▶ YOUR INSTRUCTIONS: Your reply should be a faithful copy of the records below, free of pictures.

--- ENTRIES SHOWN Enclosed Below ---

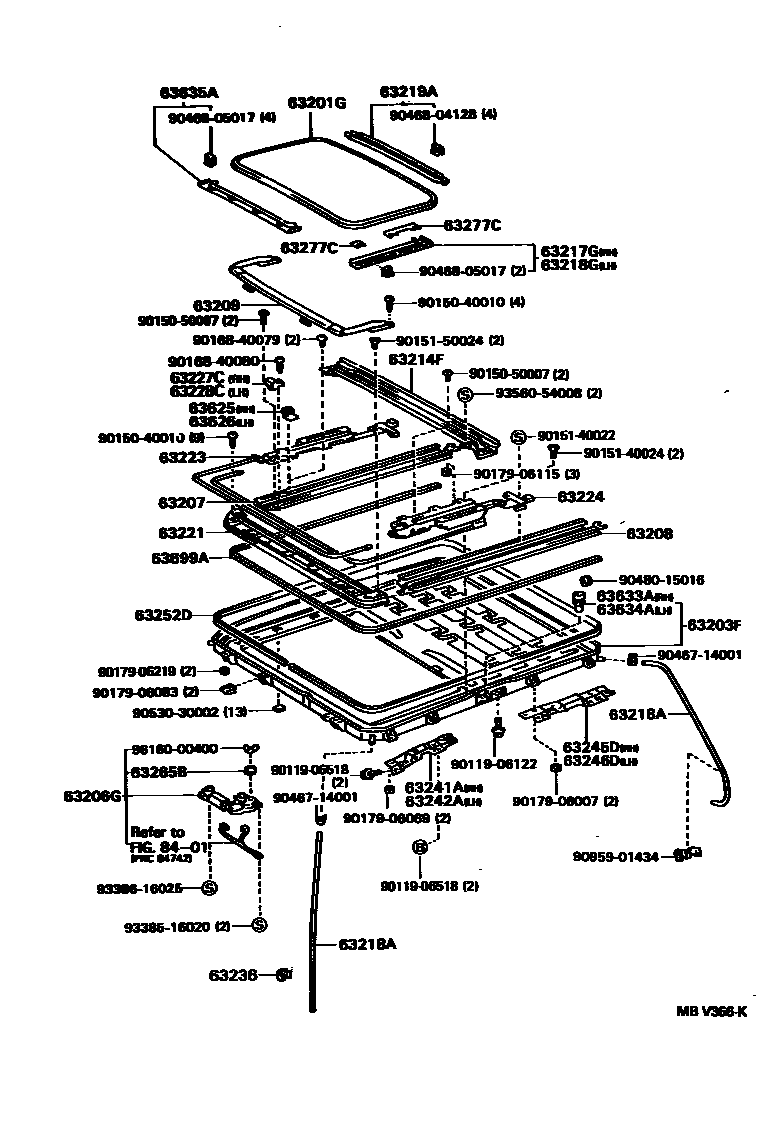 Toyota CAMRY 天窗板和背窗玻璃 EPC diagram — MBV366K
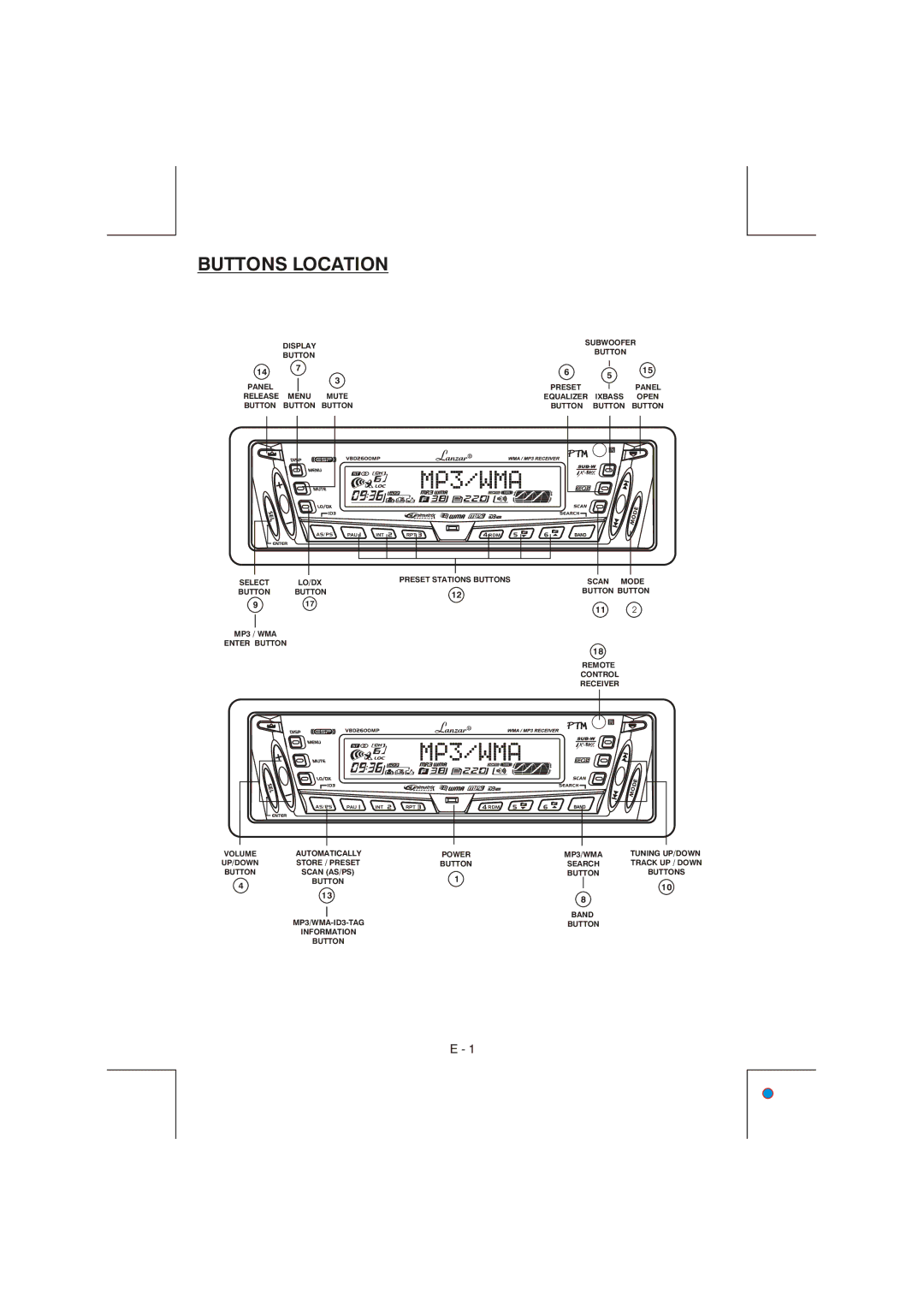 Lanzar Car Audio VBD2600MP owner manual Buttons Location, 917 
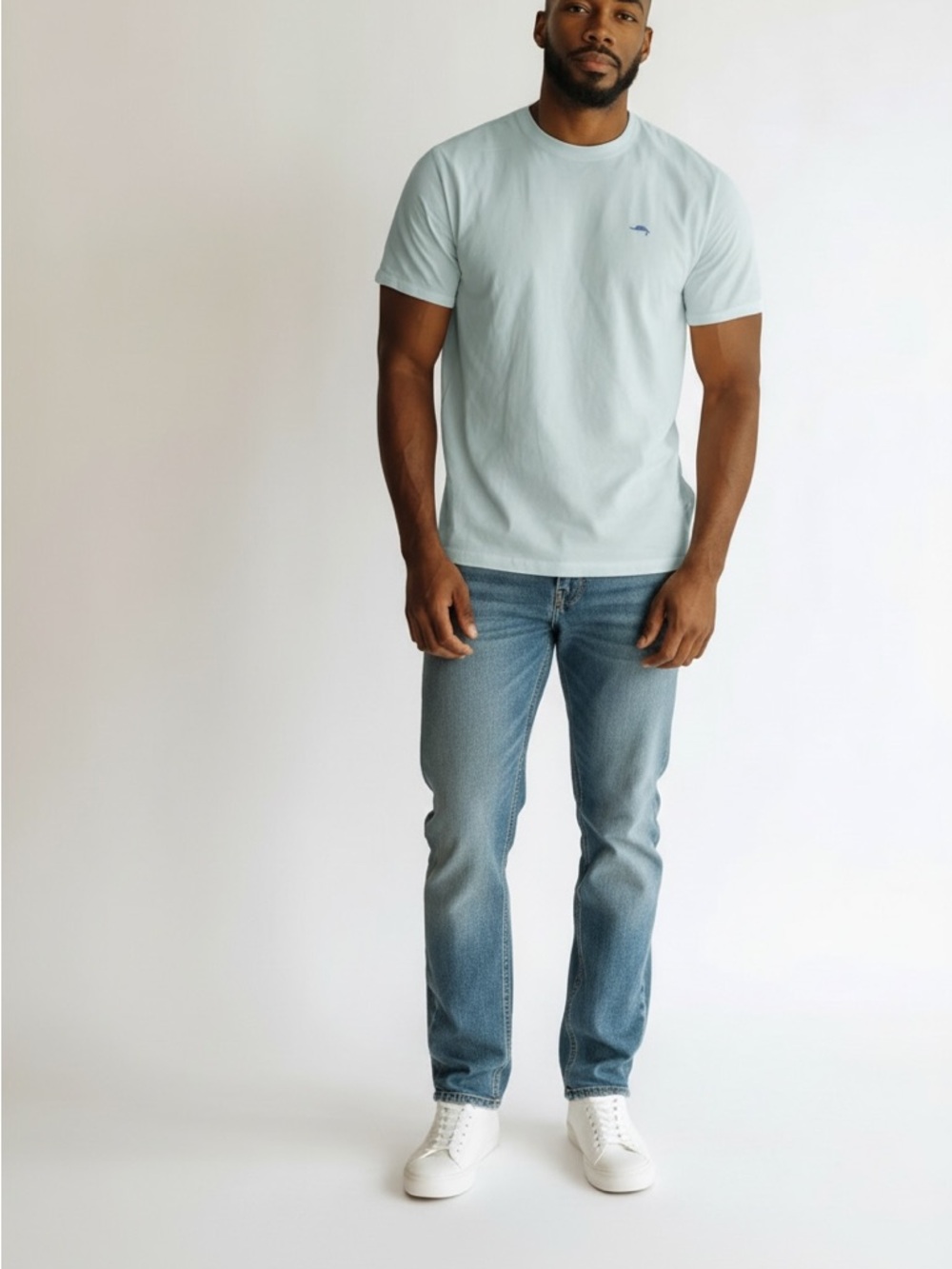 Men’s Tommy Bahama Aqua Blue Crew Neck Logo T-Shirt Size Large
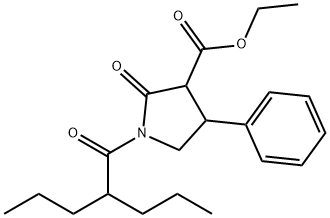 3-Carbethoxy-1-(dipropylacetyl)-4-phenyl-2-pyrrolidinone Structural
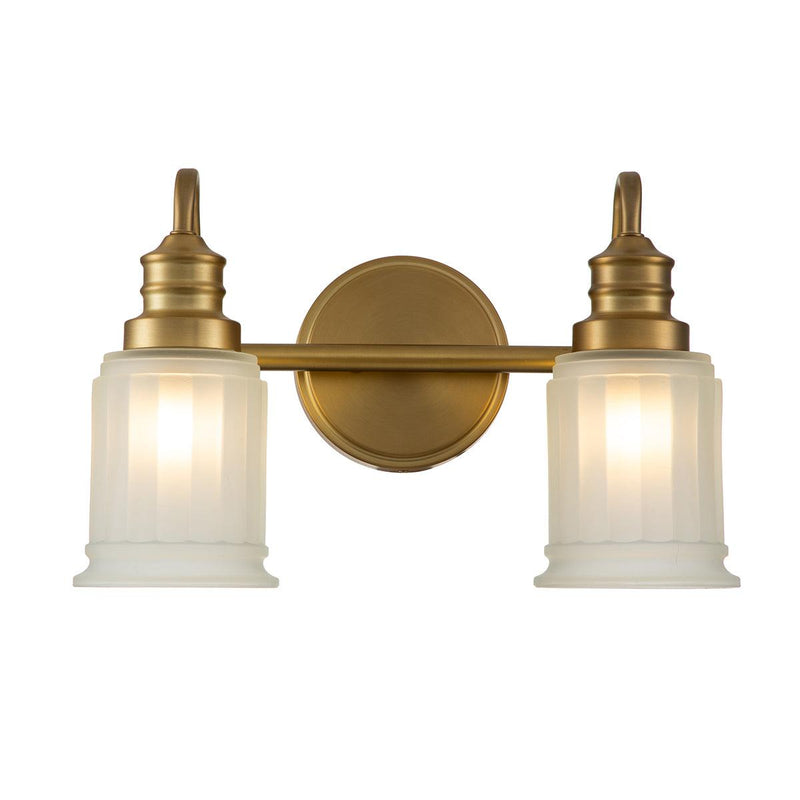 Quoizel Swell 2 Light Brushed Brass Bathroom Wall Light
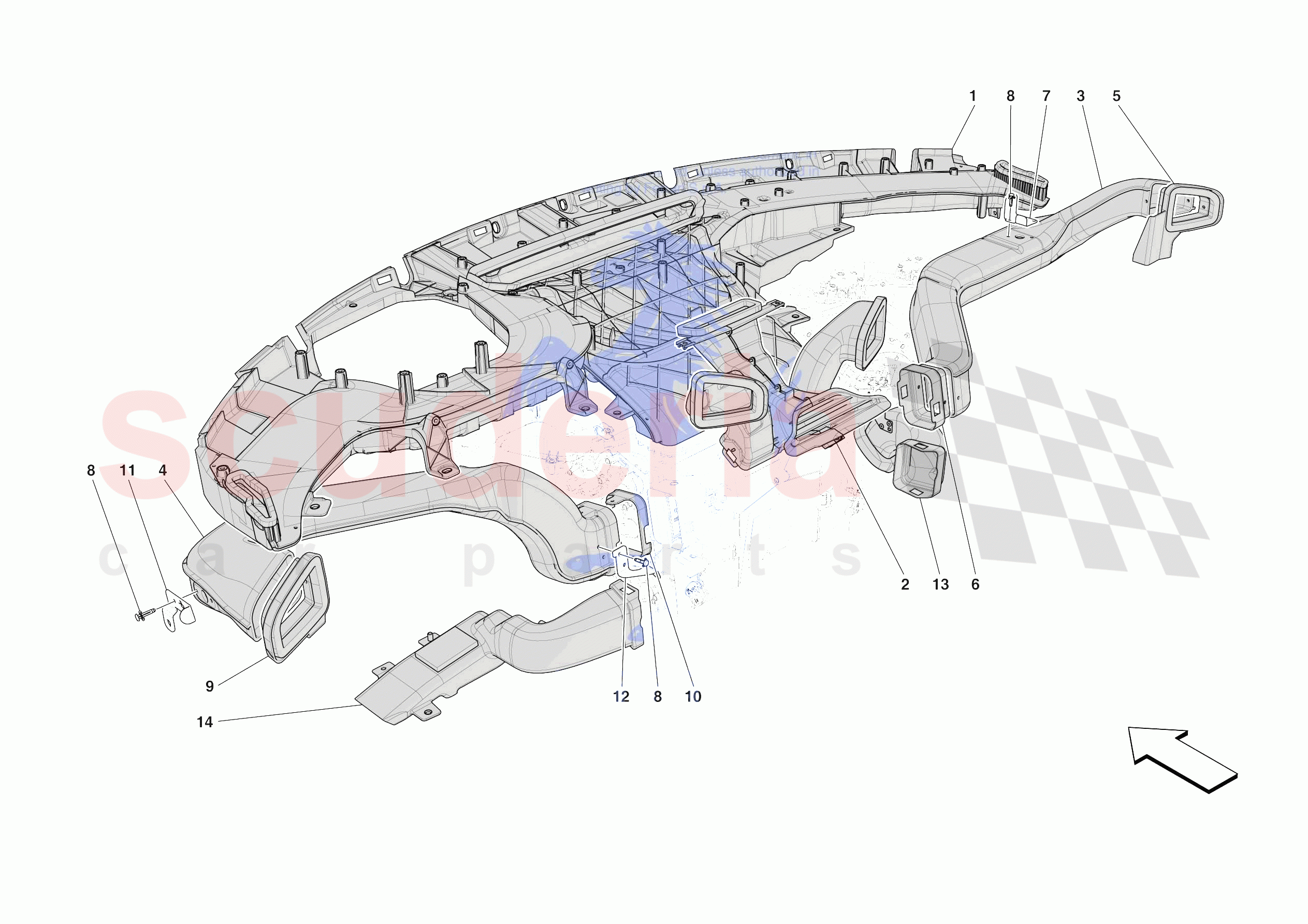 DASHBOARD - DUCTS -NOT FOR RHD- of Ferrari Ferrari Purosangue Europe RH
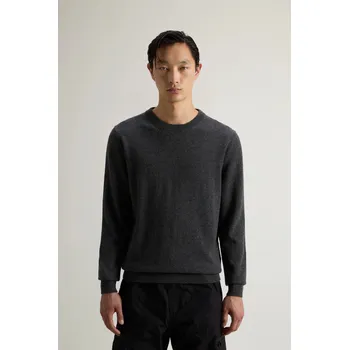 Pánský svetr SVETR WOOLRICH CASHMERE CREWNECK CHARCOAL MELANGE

--- End of Enclosed ENTRIES SHOWN ---

▶ EXPECTED OUTPUT:
 Toyota CAMRY 天窗板和背窗玻璃 EPC diagram — MBV366K
 Lanzar Car Audio VBD2600MP owner manual Buttons Location, 917 
 Men’s Tommy Bahama Aqua Blue Crew Neck Logo T-Shirt Size Large
 3-Carbethoxy-1-(dipropylacetyl)-4-phenyl-2-pyrrolidinone Structural
 Quoizel Swell 2 Light Brushed Brass Bathroom Wall Light
 DASHBOARD - DUCTS -NOT FOR RHD- of Ferrari Ferrari Purosangue Europe RH
 Pánský svetr SVETR WOOLRICH CASHMERE CREWNECK CHARCOAL MELANGE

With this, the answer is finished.